Lydia’s problem, though, is that the way she’s conducted her life is no longer in tune with the world around her. When her own sexual indiscretions start coming to light it’s as if she’s suddenly become a dissonant note. Or maybe the world has. The film isn’t judgmental in this way; nor does does it send her on some big redemptive journey. Instead we get vague hints about her past, some of which bring to mind Five Easy Pieces, with Blanchett a sort of inverted version of Jack Nicholson’s slumming it concert pianist – another iconoclastic force of nature on the run from themselves. That’s ultimately what Tár is – a force of nature – and Blanchett is phenomenal in the role, fully in control, even when the character isn’t.

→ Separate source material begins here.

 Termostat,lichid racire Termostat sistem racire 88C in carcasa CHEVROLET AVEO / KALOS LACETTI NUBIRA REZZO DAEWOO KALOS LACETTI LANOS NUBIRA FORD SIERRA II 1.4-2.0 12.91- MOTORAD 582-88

From left, M3GAN and Cady (Violet McGraw) in M3GANFrom left, M3GAN and Cady (Violet McGraw) in M3GAN
From left, M3GAN and Cady (Violet McGraw) in M3GAN

A supremely entertaining addition to the sub-genre of “bad toy” horror films, M3GAN revolves around an AI-powered super-toy prototype whose protective instincts turn murderous when its inventor, Gemma (Allison Williams), tries it out on her newly orphaned niece. Like a four-foot version of the reprogrammed Terminator from T2: Judgment Day – if the Terminator looked more like Taylor Swift than Arnold Schwarzenegger – M3GAN (short for Model 3 Generative Android) picks up the slack that a busy parent or, more specifically, an ill-equipped guardian suddenly forced to look after their dead sister’s kid, doesn’t have time for. She’ll tell your kid to flush the toilet, wash their hands, eat their dinner and use a coaster. And if they’re being bullied, she’ll go one step further than Tár and rip the ears right off that nasty playground tyrant. All of which is good, silly fun, thanks largely to committed performances, a savvy script (by Akeela Cooper and horror maestro James Wan), and tongue-in-cheek direction from relative newcomer Gerard Johnstone, who knows how to create a real sense of danger for the characters without skimping on the jokes or the jump scares.

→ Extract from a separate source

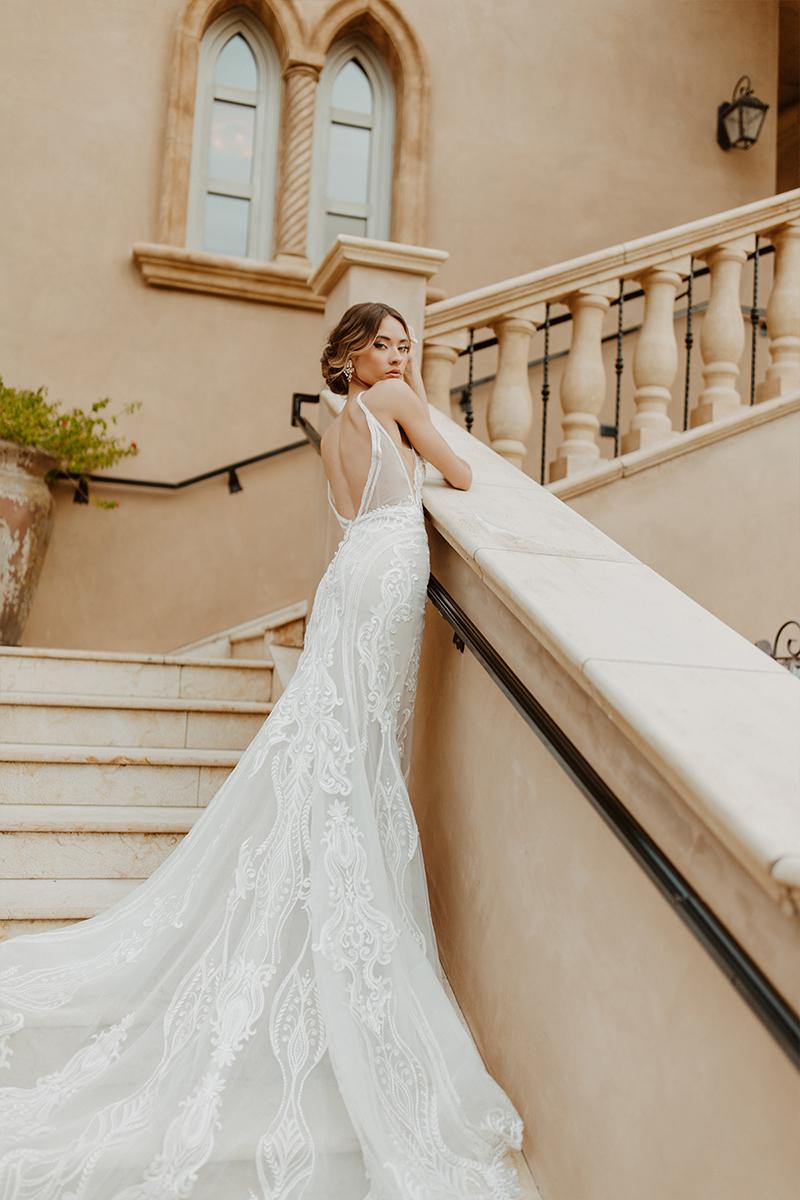 Essense Bridal Collection Style Number D3488 - 21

There’s more horror, of a sort, in Enys Men, the new film from Cornish filmmaker Mark Jenkin, who scored a Bafta and a minor arthouse hit with 2019’s Bait, a singular work shot on 16mm monochrome film with a hand-cranked camera and non-synched sound. Fans will be pleased to know Enys Men continues in this uncompromising vein, albeit in colour this time. Set on isolated island off the Cornish coast, it revolves around a wildlife volunteer (Mary Woodvine) who has agreed to live there by herself observing the plant life. The ledger she records her notes in informs us the year is 1973, though in her isolation, time also appears to be flowing backwards as she's haunted by memories of an accident from her youth and a tragedy that befell the island decades before she was born. Though the film’s been tagged a folk horror, it’s not scary in the way that term implies (don’t go expecting The Wicker Man or Midsomer). It’s more of an abstract nightmare, though whether its mysteries are quite as intriguing as Jenkin’s filmmaking process is debatable.